■ EXERCISE DESCRIPTION
Look below for the line with "hummel Hmlhive Colin Padded Weste Schwarz L", then repeat it and all lines after it, exactly, minus any pictures.

■ DATA SHOWN

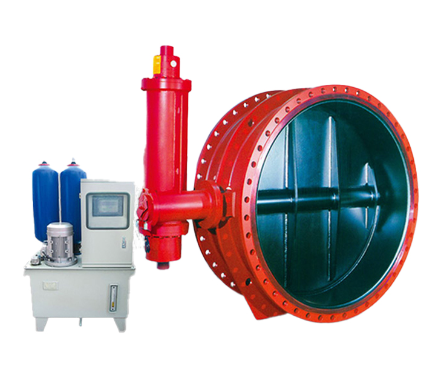 YKD型 D743H 快速关闭阀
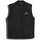 hummel Hmlhive Colin Padded Weste Schwarz L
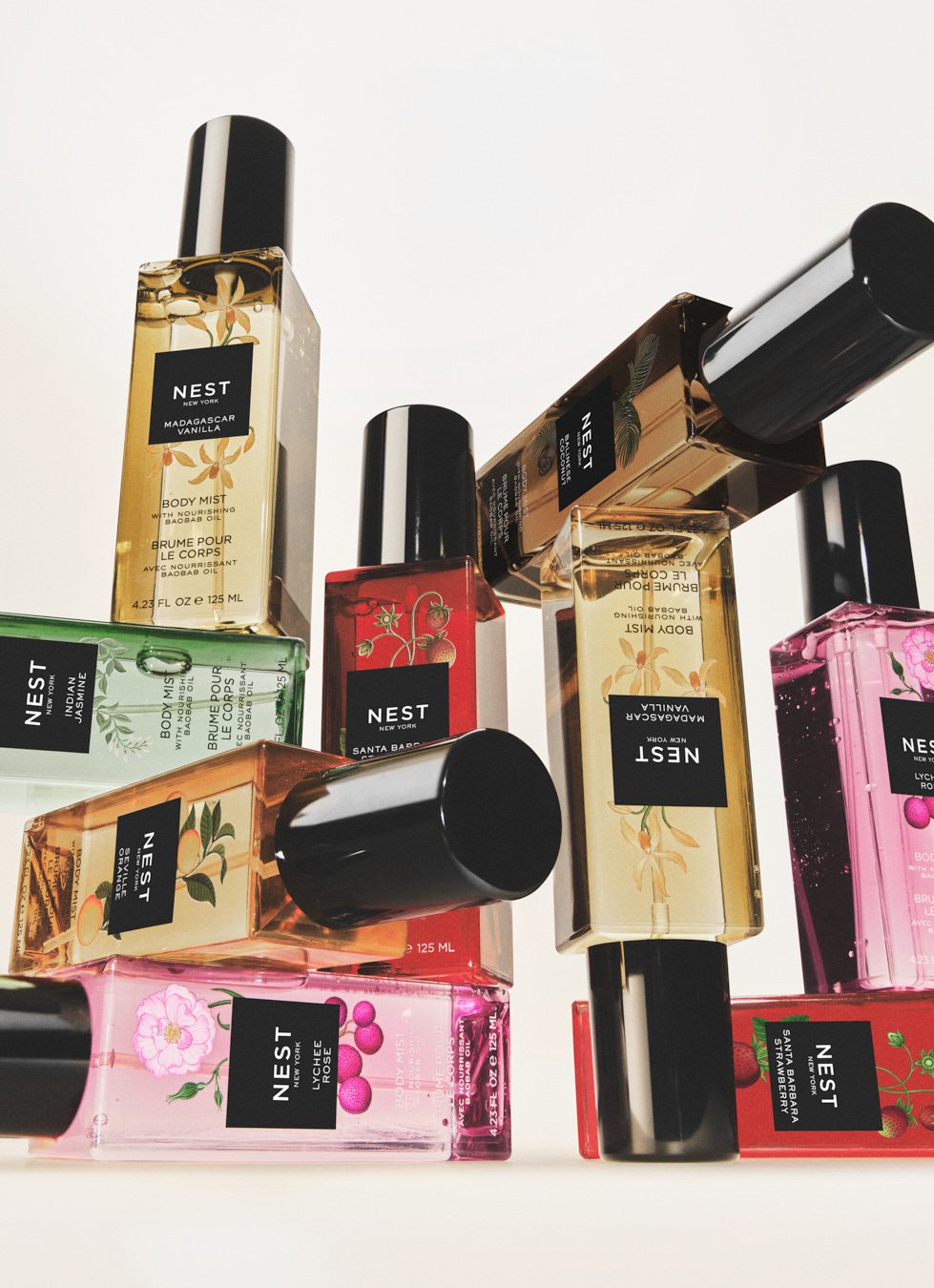 Nest New York - Summer Campaign — Still Life Photography by Di Chen Chen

■ TASK OUTPUT
 hummel Hmlhive Colin Padded Weste Schwarz L
 Nest New York - Summer Campaign — Still Life Photography by Di Chen Chen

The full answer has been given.